# ******* rod guide repair



## DallanC (Jan 13, 2009)

Noticed last trip out the ceramic insert in one guide on my nice pole was missing. I think it got hit with something when my boy was loading or unloading gear. Anywho I've replaced guides in the past, but I got an idea that worked out rather well.

The metal of the guide itself was fine, just the ceramic insert was gone. I put a piece of tape under the guide and then with a toothpick, coated the top portion with a nice smooth bead of JBWeld. If you put in on and dont mess with it, JBWeld will self level down to a shiny smooth surface. The tape was to keep it from dripping off and allowing me to make the "bead" wider than the metal of the guide. I was able to make a nice coating on the top half of the guide and let it dry. I then removed the tape, reversed the pole and this time without tape, coated the bottom of the guide to match the top. I let it dry and wala, a custom JBWeld insert where the ceramic used to be. Inside the guide, it dried very slippery and smooth. The outer edge had some rough spots I smoothed out with a dremel.

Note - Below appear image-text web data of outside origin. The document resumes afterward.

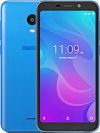 Meizu C9 Pro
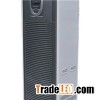 DH-1602B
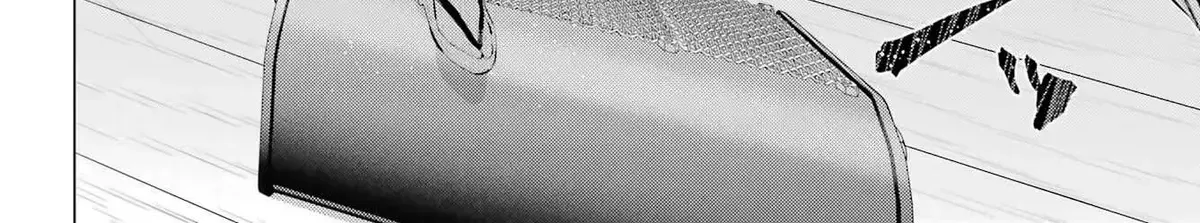 Chapter 70.1 — page 28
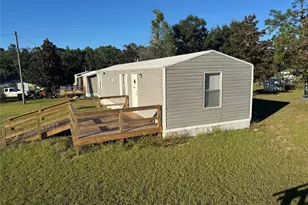 4961 NE 141 Terrace, Williston, FL 32696 - Photo 2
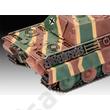 Revell 1:72 Sd.Kfz. 173 Jagdpanther Revell 1:72 Sd.Kfz. 173 Jagdpanther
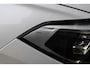 BMW X1 xDrive25e M Sport H/K | ACC | PANO | LEDER | TREKHAAK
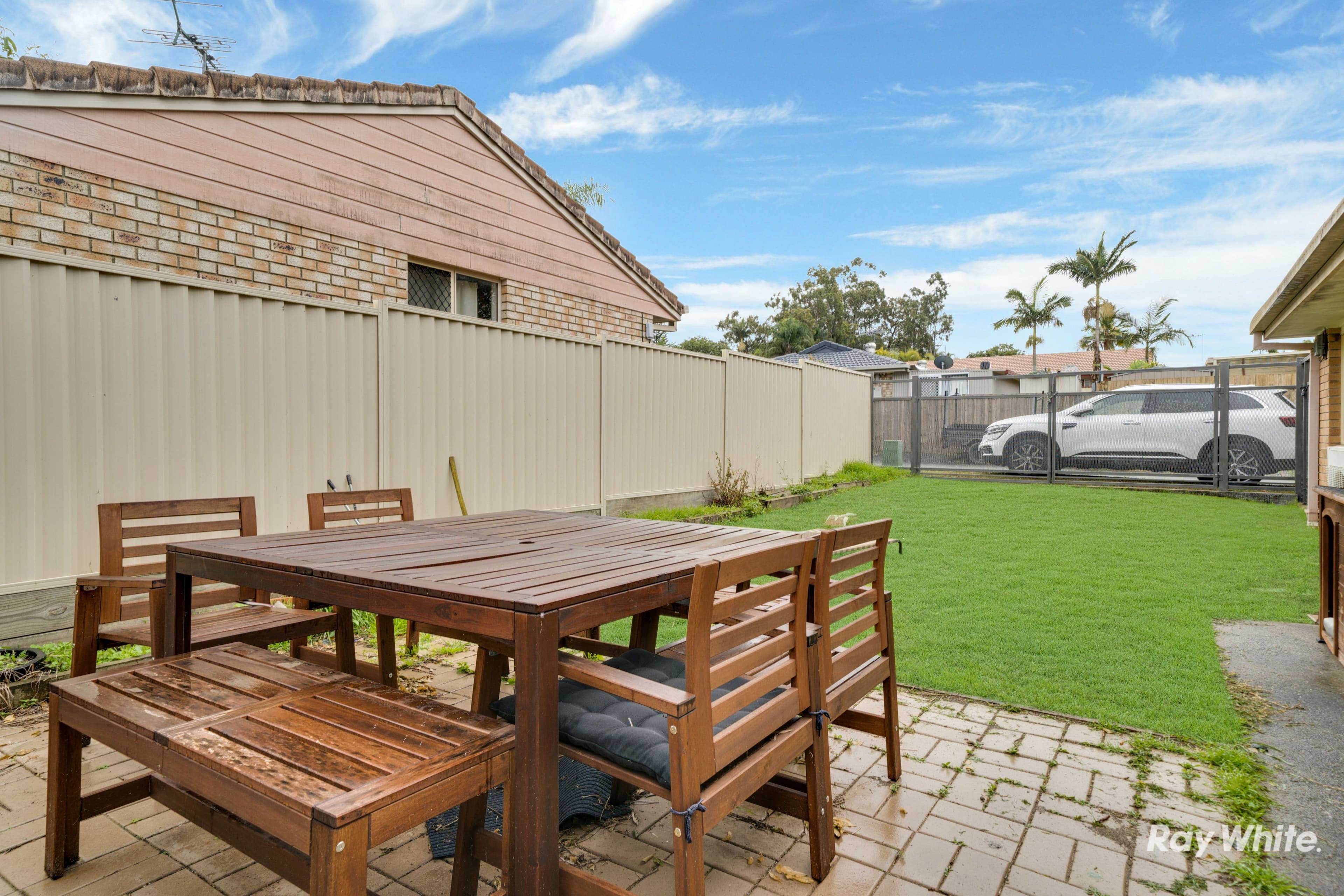 17 Taylor Street, Eagleby QLD 4207, Eagleby - Thumbnail 7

I tested it with some line and it slides freely with no hangups inside the guide. Pretty easy repair, the JBWeld might outlast the other ceramic inserts!


-DallanC


----------



## swbuckmaster (Sep 14, 2007)

Photos or it didnt happen


----------



## brookieguy1 (Oct 14, 2008)

JB Weld is actually some pretty impressive stuff. However, I would not risk the use of Nanofil with a guide serviced in this method. One small nick and all the beauty of the fabulous Nano will be for not.
Congrats on the ingenious repair though!


----------